In late spring, thinning crops is one of the most important aspects of gardening. Each and every plant needs to have plenty of room to grow. While you’re thinning, look out for the cutworm! Here’s how to thin veggies—with my before and after photos!
All your vegetables need to be properly spaced. If you’re starting from small plants, space correcting from the start. But if you started from seed, the seedlings will need to be thinned to their proper established spacing.
While it’s painful to “thin” or pull a plant, it must be done! If you crowd a plant, you’ll slow its grow and affect its quality and yield.
I thin rather slowly as there is always the possibility that there will be some loss due to insects.
A Word on Cutworms
The cutworm is one of the worst—this particular bug lives under the soil (where you can’t see them) and comes out at night. It then takes one bite right where the plants go into the soil thereby killing the entire plant.
Cutworms feed on most of the vegetables grown in the home garden and mainly go after young tender plants Damage can be reduced by keeping gardens free of weeds before and after vegetables are planted. Bait formulations of some insecticides can also provide control.
You can tell that a cutworm has been at work if you see something like this:
When I do see this kind of damage, I bring out my countermeasures. First, I apply diatomaceous earth and place it all around the injured plant. Cutworms generally work their way down the row so I know that this little bugger is waiting just under one of the still-standing plants for the next night’s meal.

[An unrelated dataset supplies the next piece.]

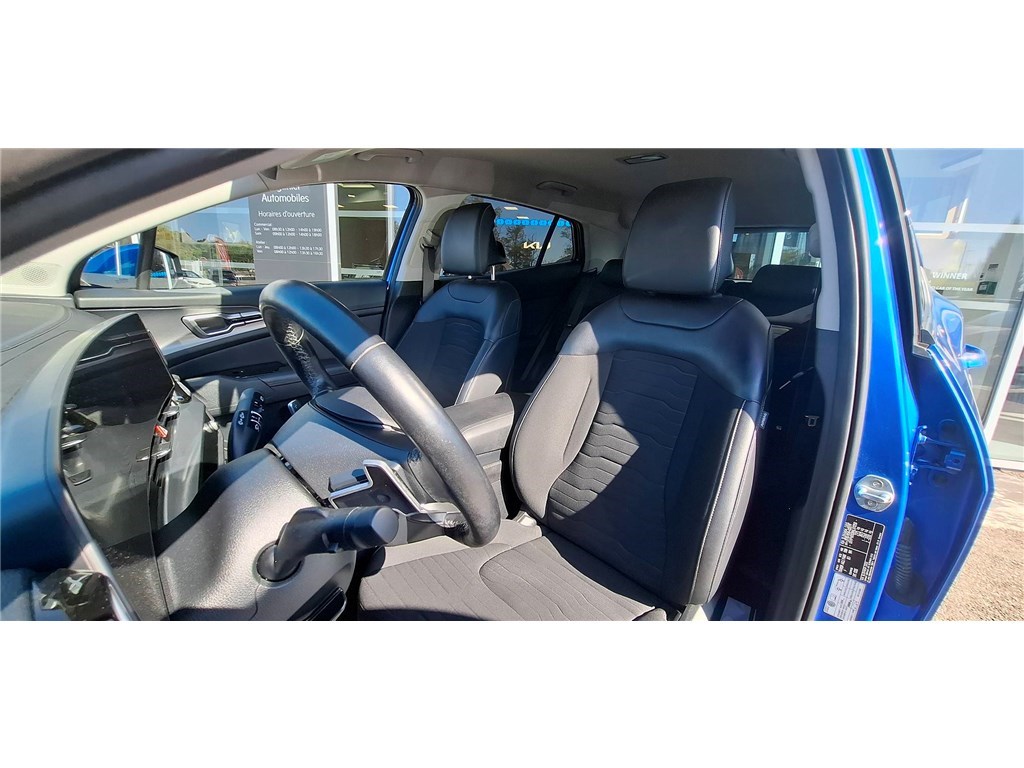 KIA SPORTAGE 1.6 T-GDI 230CH ISG HYBRIDE BVA6 4X2 Design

Be careful using this particular tool, though. This stuff can hurt any insects so you don’t want to put it all over the place as it can do damage to bees and other beneficial insects. I then spread a large amount of dried and crushed eggshells on top. This generally takes care of the problem.
To get rid of cut worms, you can also make plant collars. See the Almanac’s page on Cutworm Control.
How to Thin Vegetables
Thin your veggies while they are small. Also, do it when the soil is moist to minimize injury to the remaining plants.
The thinning should go from this:
Or from this:
And from this:
To thin, grasp the plants to be removed right at the soil line, and pull them out gently.
If you find that you are damaging nearby plants, don’t remove plants by pulling; rather, cut them off at the soil line.
I always thin out the weaker-looking plants and leave the stronger plants.
Firm the soil after you’ve finished. Watering after thinning is helpful in resettling the soil around the roots of remaining plants.